Exercise input: Begin

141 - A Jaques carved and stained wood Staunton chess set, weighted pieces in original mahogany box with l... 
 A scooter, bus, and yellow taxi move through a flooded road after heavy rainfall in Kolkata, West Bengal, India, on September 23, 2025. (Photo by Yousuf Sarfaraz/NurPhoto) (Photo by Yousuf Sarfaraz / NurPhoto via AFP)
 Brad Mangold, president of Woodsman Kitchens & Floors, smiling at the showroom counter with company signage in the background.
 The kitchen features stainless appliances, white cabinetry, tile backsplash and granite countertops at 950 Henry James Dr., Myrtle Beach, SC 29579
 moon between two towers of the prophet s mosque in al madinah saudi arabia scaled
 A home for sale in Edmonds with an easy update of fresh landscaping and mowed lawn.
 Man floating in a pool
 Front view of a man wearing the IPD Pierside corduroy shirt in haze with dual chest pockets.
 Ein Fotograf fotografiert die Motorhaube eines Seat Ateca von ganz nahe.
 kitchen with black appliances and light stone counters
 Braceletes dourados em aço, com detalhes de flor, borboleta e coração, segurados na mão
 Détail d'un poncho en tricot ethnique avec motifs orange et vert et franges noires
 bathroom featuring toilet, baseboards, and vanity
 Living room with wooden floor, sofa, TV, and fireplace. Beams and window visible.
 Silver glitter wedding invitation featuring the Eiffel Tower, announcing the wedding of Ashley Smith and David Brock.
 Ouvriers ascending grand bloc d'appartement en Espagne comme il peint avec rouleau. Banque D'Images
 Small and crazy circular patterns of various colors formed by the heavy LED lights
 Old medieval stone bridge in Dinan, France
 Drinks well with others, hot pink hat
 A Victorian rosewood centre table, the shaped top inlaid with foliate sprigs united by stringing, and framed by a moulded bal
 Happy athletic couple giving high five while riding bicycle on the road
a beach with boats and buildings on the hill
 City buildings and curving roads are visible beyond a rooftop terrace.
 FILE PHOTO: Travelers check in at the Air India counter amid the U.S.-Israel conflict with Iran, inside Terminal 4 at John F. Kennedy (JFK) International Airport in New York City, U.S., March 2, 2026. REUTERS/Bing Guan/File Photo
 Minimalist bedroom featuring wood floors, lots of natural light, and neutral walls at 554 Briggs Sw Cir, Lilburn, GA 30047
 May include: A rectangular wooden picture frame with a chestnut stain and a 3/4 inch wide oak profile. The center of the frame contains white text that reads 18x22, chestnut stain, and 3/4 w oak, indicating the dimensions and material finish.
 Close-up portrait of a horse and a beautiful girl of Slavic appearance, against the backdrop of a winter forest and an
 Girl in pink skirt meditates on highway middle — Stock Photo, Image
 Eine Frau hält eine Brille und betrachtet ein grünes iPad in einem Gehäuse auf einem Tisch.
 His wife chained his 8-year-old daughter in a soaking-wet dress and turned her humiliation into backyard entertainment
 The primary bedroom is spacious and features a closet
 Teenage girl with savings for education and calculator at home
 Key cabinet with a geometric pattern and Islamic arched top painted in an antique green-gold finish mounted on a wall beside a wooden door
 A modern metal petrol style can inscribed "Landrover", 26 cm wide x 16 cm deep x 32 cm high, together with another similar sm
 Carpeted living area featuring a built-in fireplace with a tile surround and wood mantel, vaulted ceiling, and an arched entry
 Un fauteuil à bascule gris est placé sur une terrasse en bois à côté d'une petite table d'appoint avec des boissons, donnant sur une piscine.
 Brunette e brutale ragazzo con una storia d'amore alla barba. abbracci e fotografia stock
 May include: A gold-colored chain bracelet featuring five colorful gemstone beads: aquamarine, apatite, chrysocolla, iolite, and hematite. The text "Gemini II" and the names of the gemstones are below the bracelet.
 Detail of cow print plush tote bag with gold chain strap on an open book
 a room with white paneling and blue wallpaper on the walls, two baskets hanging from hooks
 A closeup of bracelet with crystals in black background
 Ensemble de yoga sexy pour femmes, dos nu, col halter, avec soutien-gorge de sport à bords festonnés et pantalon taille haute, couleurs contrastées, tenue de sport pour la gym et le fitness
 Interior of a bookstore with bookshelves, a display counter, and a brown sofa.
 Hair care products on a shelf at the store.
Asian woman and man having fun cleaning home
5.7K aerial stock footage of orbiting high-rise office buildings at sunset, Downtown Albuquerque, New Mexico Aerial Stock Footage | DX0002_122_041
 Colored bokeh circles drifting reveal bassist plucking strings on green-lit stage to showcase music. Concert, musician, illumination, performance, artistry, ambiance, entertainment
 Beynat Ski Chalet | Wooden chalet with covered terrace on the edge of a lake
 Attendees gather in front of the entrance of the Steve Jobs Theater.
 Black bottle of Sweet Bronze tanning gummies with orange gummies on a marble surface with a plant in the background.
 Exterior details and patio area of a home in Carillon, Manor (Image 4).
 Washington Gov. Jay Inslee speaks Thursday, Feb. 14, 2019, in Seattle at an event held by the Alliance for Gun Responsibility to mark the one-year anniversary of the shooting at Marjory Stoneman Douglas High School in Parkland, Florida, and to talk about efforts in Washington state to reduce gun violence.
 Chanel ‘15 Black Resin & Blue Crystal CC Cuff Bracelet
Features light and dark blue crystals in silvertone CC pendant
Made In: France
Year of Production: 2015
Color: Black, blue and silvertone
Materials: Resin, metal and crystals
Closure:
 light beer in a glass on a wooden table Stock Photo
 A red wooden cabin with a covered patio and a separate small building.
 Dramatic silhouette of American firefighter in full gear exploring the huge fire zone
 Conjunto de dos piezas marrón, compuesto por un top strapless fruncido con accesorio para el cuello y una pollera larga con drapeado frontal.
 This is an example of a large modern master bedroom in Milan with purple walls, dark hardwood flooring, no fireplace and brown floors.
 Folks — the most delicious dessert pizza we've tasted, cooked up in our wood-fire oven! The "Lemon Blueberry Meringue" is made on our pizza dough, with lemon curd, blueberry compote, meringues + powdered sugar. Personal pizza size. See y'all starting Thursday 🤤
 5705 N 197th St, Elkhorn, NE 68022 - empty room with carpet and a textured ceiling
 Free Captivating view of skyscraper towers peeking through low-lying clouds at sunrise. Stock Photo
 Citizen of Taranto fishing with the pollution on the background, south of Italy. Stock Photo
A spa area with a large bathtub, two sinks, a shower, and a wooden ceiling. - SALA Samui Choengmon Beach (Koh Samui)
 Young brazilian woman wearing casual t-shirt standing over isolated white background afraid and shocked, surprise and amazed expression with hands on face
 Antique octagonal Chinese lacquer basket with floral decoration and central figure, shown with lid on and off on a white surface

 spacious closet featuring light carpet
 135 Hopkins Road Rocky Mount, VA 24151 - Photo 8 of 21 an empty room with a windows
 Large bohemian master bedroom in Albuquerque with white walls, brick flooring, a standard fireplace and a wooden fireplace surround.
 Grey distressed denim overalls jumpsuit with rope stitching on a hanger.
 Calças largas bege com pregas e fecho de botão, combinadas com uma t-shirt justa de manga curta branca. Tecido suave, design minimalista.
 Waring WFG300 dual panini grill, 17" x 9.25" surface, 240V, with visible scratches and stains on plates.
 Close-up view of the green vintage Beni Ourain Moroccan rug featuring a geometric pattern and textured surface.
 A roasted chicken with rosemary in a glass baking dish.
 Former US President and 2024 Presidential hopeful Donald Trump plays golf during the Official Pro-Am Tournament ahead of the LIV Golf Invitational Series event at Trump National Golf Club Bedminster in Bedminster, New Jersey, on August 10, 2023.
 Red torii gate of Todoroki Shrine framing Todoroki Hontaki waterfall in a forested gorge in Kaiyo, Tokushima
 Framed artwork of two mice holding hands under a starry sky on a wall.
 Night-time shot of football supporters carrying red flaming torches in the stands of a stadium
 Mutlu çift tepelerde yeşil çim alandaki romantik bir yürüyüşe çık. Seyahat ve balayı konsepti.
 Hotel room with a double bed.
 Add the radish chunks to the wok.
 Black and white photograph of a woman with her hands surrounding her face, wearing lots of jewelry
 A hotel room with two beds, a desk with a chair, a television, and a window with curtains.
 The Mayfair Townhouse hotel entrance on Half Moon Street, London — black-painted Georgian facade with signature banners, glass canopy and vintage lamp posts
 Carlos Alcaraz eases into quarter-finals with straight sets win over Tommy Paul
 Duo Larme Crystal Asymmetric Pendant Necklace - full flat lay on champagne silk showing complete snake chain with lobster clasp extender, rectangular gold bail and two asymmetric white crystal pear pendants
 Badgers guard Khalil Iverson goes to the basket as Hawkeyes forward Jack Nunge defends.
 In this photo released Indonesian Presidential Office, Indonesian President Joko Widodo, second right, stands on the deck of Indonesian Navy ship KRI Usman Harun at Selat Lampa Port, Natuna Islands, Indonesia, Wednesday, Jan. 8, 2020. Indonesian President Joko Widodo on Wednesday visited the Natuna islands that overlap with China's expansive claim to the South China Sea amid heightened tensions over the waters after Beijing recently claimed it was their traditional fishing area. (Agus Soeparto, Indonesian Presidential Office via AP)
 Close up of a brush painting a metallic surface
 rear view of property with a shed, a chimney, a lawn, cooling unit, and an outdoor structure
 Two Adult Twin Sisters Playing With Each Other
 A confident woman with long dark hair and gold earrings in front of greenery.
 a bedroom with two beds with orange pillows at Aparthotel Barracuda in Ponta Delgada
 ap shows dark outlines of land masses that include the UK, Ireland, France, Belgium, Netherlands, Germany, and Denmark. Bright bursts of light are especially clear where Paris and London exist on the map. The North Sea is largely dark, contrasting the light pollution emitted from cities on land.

Exercise input: End

■ Aim of the task
Retype exactly the lines of the data above that fall between the line with "Drinks well with others, hot pink hat" and the line with "Minimalist bedroom featuring", inclusive, and add nothing.

■ Answer to this exercise
 Drinks well with others, hot pink hat
 A Victorian rosewood centre table, the shaped top inlaid with foliate sprigs united by stringing, and framed by a moulded bal
 Happy athletic couple giving high five while riding bicycle on the road
a beach with boats and buildings on the hill
 City buildings and curving roads are visible beyond a rooftop terrace.
 FILE PHOTO: Travelers check in at the Air India counter amid the U.S.-Israel conflict with Iran, inside Terminal 4 at John F. Kennedy (JFK) International Airport in New York City, U.S., March 2, 2026. REUTERS/Bing Guan/File Photo
 Minimalist bedroom featuring wood floors, lots of natural light, and neutral walls at 554 Briggs Sw Cir, Lilburn, GA 30047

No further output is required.